The SREB has initially focused its attention on one state and hopes to replicate that effort elsewhere. Working with the Louisiana Board of Regents and an education consortium, the group is promoting “Continuum For All Louisiana Learners (CALL)” to try to improve access to higher education for older students, and to help colleges boost their enrollment numbers. Chaloux and others are calling on institutions to create short, online courses, and to consider giving credit to older students for work and life experiences.
In Kentucky, the state’s main agency that seeks to improve higher education access is trying out a grant program that, in the pilot year, took aim at students who had never taken a college course. By subsidizing the students’ first few credit hours, the idea is that they will continue to take classes until earning an associate or bachelor’s degree.

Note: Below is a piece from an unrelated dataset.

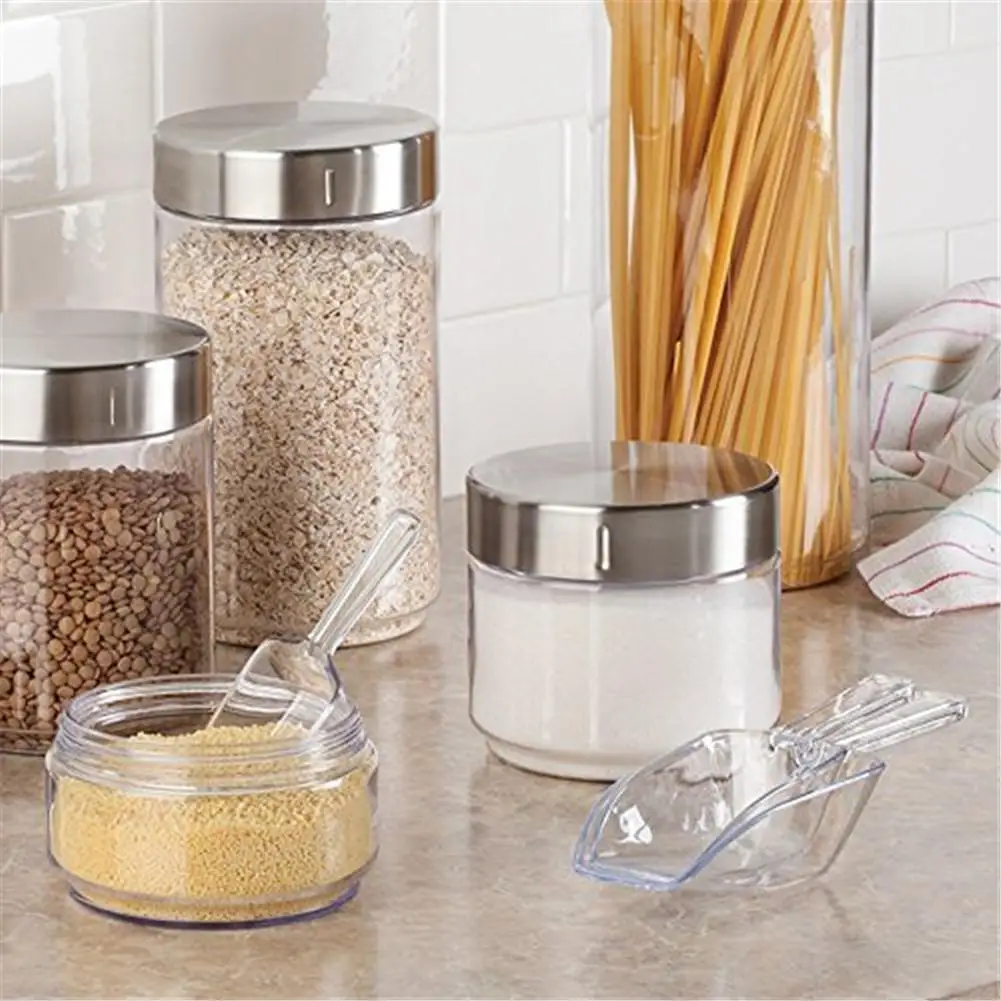 5 Pcs Mini Transparent Thickened Plastic Ice Scoop For Candy Dessert Buffet Cream Protein Powder Home Small Hand-held Spoons | Дом и сад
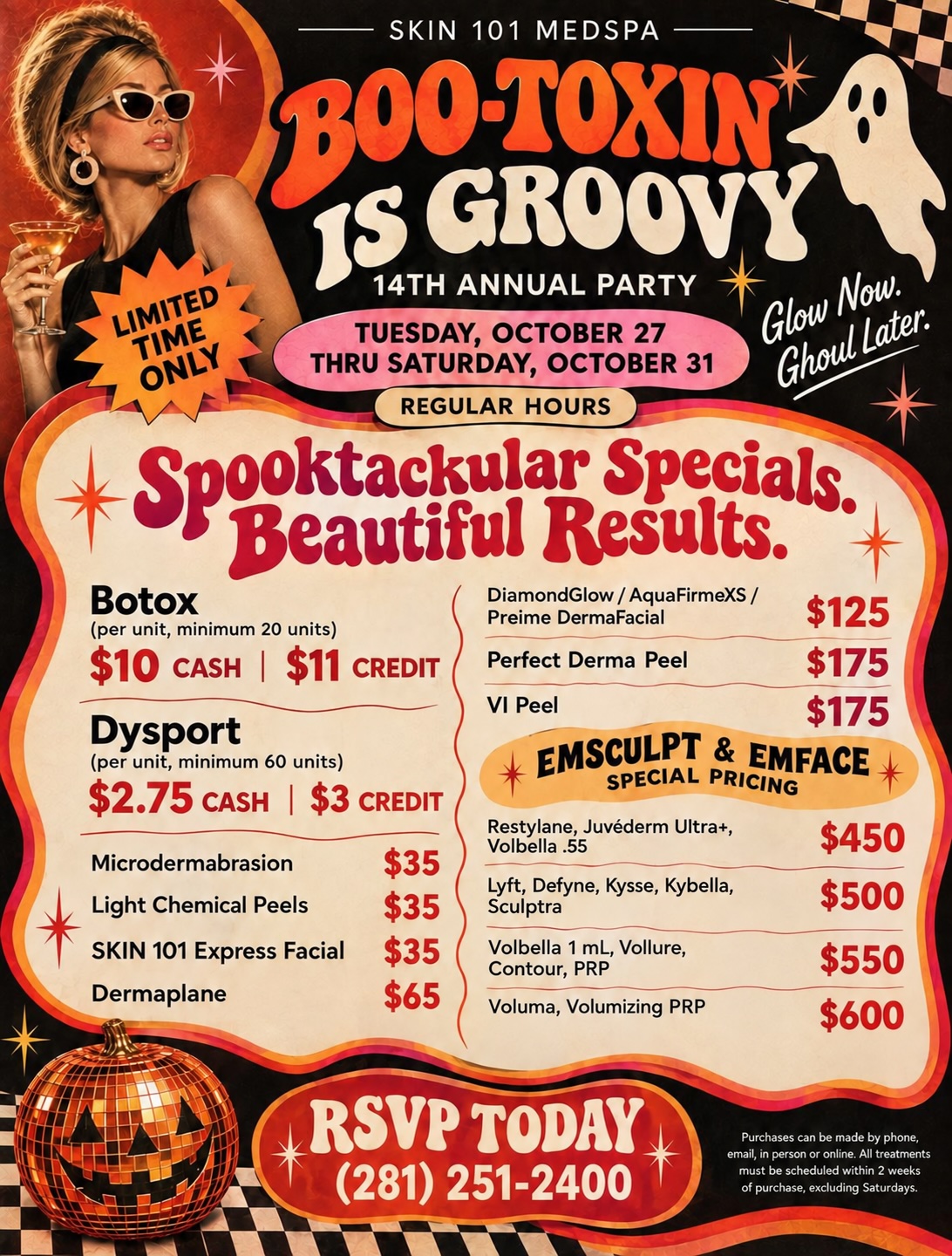 SKIN 101 MedSpa Boo-Toxin 14th Annual Party flyer, October 27 to 31, with Botox, Dysport, filler, and facial specials in Spring, TX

These efforts, replicated in various forms across the country, represent attempts by states and education groups to focus on a growing base of “nontraditional” students that will be central to colleges’ academic planning and economic well-being for years to come, according to Sean Gallagher, director of the continuing and professional education learning collaborative at the research and consulting group Eduventures.
Ever since the Secretary of Education’s Commission on the Future of Higher Education underscored the importance of improving job training and increasing the number of college graduates, adult students have received more attention from policy makers — particularly as the economy has soured, Gallagher said.
And while data point to an expected moderate decline in the number of graduates and traditional-age college applicants over all, and heftier declines in some states and regions, the pool of people in their 30s who are without a degree will remain high, according to Gallagher.
In Louisiana, Compressing Courses
When Chaloux makes his pitch to Louisiana policy makers and college leaders, he emphasizes demographics. “If the traditional-age pie is being reduced, one way to buoy against it is to pay attention to the 20-million strong adult population,” he said.
In Louisiana, dozens of students have already begun taking compressed online courses that cover material found in, say, a 16-week course in eight or nine weeks of more intense instruction. The thinking, Chaloux said, is that students working toward a degree and working a job are often unable to commit to a long time frame.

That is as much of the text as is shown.